In December of 1938 Germans upgraded their Enigma machines with 2 extra ciphering rotors as a result Poles required using 60 instead of only six cryptological bombs and same number of paper sheets sets to read the German messages. In case you wonder what cryptological bomb is you will find it to be a mechanical device designed by Rejewski for the purpose of breaking the enigma code. One can argue that his device is a pseudo computer and a precursor of the computer as a result of working on the Enigma code but that would be a weak argument, after all what is the computer? Is it a machine in modern sense of the word? On the other hand if computer is the idea of mechanical device to do some kind of calculation then once again this honor would probably go to the British inventor Charles Babbage almost a full century before.

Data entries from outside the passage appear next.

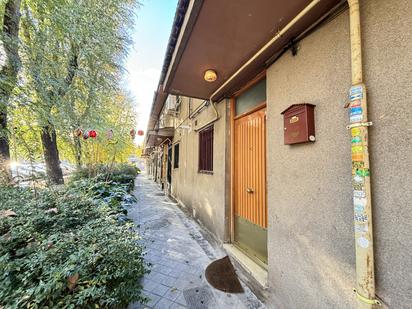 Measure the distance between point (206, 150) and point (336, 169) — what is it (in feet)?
12.1

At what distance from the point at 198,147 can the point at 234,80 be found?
8.75 feet

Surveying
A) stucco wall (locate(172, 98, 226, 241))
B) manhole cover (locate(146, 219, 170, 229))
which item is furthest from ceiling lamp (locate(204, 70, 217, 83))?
manhole cover (locate(146, 219, 170, 229))

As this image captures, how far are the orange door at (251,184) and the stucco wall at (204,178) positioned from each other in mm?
308

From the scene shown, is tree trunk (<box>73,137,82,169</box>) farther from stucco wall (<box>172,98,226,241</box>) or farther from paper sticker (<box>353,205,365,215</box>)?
paper sticker (<box>353,205,365,215</box>)

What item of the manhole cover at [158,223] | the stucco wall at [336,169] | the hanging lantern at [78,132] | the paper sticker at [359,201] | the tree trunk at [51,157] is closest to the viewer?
the stucco wall at [336,169]

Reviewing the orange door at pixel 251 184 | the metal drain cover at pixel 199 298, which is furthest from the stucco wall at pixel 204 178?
the metal drain cover at pixel 199 298

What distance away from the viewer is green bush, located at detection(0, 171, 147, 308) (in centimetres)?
123

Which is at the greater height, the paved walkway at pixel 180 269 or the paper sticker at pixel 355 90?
the paper sticker at pixel 355 90

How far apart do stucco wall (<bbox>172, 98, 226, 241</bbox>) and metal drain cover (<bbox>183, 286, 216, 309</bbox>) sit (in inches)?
48.5

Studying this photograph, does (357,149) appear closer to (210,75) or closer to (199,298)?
(210,75)

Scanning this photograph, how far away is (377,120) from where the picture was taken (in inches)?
51.7

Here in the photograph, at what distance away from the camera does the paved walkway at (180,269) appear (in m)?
2.40

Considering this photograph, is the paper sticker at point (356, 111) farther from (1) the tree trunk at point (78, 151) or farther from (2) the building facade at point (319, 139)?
(1) the tree trunk at point (78, 151)

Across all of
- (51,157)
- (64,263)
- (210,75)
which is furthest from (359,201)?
(51,157) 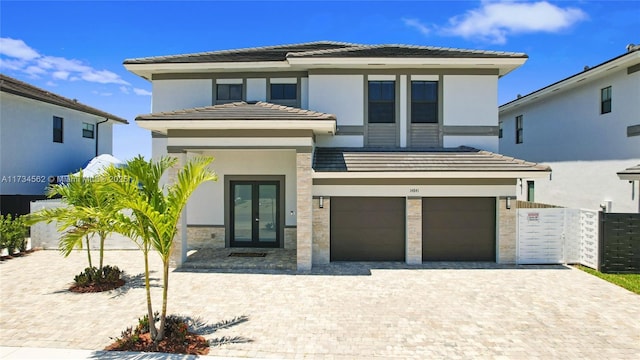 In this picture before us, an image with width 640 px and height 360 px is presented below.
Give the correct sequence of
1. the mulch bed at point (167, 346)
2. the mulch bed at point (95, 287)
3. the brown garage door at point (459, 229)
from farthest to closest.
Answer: the brown garage door at point (459, 229) < the mulch bed at point (95, 287) < the mulch bed at point (167, 346)

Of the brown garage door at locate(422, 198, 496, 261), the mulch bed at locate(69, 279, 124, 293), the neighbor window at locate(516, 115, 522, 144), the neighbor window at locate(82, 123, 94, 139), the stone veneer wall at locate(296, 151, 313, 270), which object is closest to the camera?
the mulch bed at locate(69, 279, 124, 293)

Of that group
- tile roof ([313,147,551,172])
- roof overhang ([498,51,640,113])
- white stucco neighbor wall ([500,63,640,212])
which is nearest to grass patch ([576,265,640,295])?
tile roof ([313,147,551,172])

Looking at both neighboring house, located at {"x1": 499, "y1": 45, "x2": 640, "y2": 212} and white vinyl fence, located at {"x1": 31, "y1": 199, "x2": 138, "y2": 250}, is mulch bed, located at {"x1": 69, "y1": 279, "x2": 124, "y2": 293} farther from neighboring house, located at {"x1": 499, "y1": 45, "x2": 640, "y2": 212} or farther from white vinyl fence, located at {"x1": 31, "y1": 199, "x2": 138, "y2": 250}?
neighboring house, located at {"x1": 499, "y1": 45, "x2": 640, "y2": 212}

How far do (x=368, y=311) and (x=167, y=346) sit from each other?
164 inches

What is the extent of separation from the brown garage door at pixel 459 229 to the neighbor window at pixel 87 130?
23.4m

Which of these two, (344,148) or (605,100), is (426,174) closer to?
(344,148)

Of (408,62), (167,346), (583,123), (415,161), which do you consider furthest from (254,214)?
(583,123)

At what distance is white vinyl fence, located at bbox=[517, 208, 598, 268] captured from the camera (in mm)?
11828

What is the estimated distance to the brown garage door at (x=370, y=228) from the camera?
12148mm

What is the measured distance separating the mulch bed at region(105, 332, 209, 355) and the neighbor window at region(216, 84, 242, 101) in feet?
33.2

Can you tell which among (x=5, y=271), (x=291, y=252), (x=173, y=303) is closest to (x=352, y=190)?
(x=291, y=252)

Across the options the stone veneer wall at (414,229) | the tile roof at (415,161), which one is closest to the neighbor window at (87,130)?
the tile roof at (415,161)

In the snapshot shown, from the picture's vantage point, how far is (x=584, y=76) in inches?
595

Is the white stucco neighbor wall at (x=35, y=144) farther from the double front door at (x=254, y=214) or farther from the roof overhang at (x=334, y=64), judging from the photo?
the double front door at (x=254, y=214) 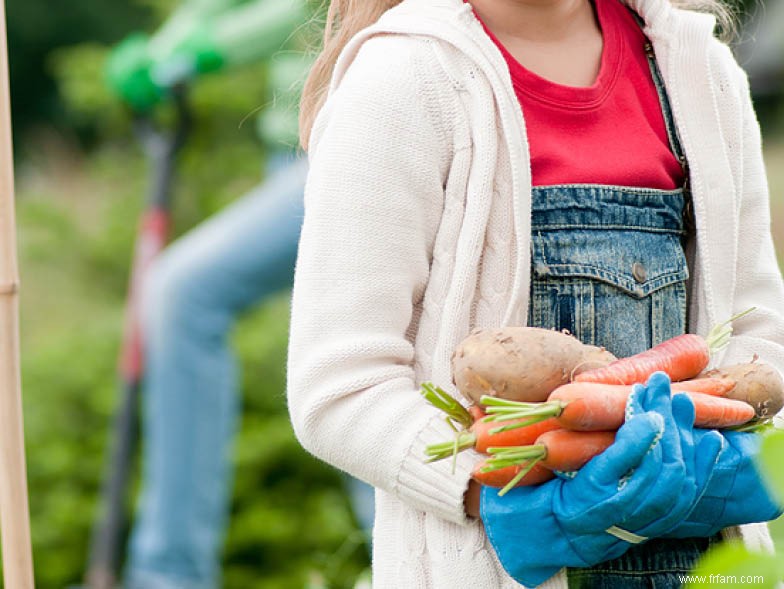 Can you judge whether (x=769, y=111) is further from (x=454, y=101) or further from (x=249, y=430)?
(x=454, y=101)

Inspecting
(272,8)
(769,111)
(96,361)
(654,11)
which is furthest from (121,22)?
(654,11)

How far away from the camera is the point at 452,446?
120cm

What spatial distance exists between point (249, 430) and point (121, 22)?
781 centimetres

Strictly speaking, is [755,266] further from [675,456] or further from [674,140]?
[675,456]

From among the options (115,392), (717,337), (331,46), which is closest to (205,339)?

I can see how reading the book "The Ultra Secret" would give you the idea that it was the Brits who broke the Enigma code. Author of this book also made a lot of claims which are simply lies. Unable to overcome the fact that General Menzies was given a copy of Enigma machine he claimed that Poles had stolen it from Germans thanks to some Polish agent who was in Germany. Polish contribution to the breaking of the Enigma code is not very well known in the West but to downplay it like Mr. Winterbotham did in his book "The Ultra Secret" just proves that you do not have to be factual to be published and still be considered an authority on the subject or reader for that matter any wiser for reading it. Polish historians are also partly to be blamed for this but in their defense I would have to state that promoting the fact that Poland had friendly relations with Britain and France prior to and during the war was not in ruling communists interest not to mention the fact that it would not sit well with the Soviets. An author of this story would have to include the fact of Polish Cipher Office cooperation with the French Deuxieme Bureau. According to the ruling communists, for the general public it was enough to know that Soviets liberated half of Europe from the fascists' and capitalist states like Britain and France are our enemy not our friends, therefore such work would never have seen the light of day.
The Poles should be thanking their lucky stars the Brits stepped in, albeit belatedly.
Don’t fool yourself, it was not to help Poland. If that was your motivating factor Yalta would have never happened. As for thanking our lucky stars, who needs enemies when we have friends that would sell you out at their leisure and then claim that it was all for you. Ridicules don’t you think?